Make context engineering first-class. Version the harness, assign owners, and review changes to it like any other code.

Set the bar at the eval, not the demo. A demo proves something worked once; an eval with clear scoring criteria proves it works reliably. Require eval coverage with explicit, well-defined success criteria as a precondition for shipping into any shared workflow, the same way test coverage gates a deploy.

Re-shape code review for AI-generated code. Train reviewers on the new failure modes - hallucinated dependencies and "slopsquatting", thin error handling, and subtle correctness gaps that read perfectly at a glance.

Make the prototype vs production boundary explicit. Decide which projects, branches, and environments warrant vibe coding and which demand agentic engineering. Teams that keep this blurry ship prototypes by accident.

Invest in the harness as shared infrastructure, plan for hybrid teams, and hire for judgment. Reusable prompts, skill libraries, and eval harnesses compound across projects. Humans and agents now work side by side, so handoff protocols, on-call, and team structures must reflect that agents are participants, not just tools - and the most valuable engineers will be the ones who direct agents well, not the ones who type the most code.

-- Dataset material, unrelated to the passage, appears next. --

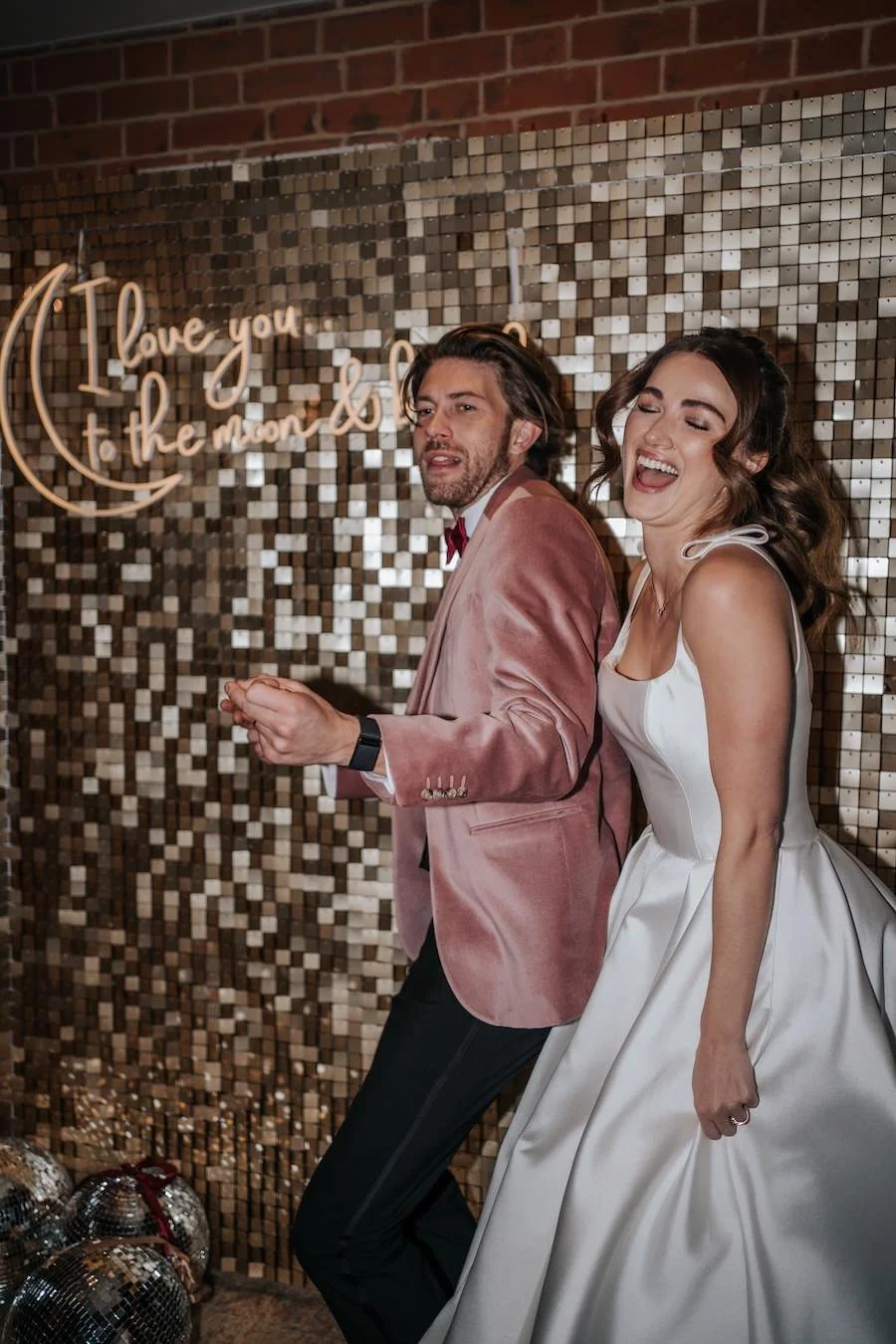 A bride and groom dancing at their wedding reception, with a gold tiled wall and a neon sign saying "I love you to the moon and back" in the background.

Underneath all of it is the thesis I started with: AI is a force multiplier of culture. It multiplies strengths and weaknesses alike, which is why teams with strong testing and architecture cultures extract dramatically more value than those hoping AI will paper over the cracks. How much of this is genuinely new, and how much is another wave to be ridden with judgment, is itself a question I have written about.

Three durable principles

Three principles from the paper will outlast whichever tools are fashionable next year. Structure scales; vibes do not. AI amplifies your engineering culture, for better and worse. And the human role is evolving, not diminishing - shifting from implementation towards specification, evaluation, and architectural judgment. The authors land it in a single line worth pinning above any team adopting these tools: "Generation is solved. Verification, judgment, and direction are the new craft."

In short

Google's new SDLC whitepaper draws a clear line between vibe coding and agentic engineering, and the line is verification, not tooling. For leaders, the practical lessons are concrete: invest in the harness and the context, not just the model; set the bar at the eval rather than the demo; make the prototype vs production boundary explicit; and hire for judgment. Generation is largely solved. Structure scales where vibes do not, AI amplifies whatever culture it lands in, and verification, judgment, and direction are now the craft that separates teams shipping dependable software from teams merely shipping fast.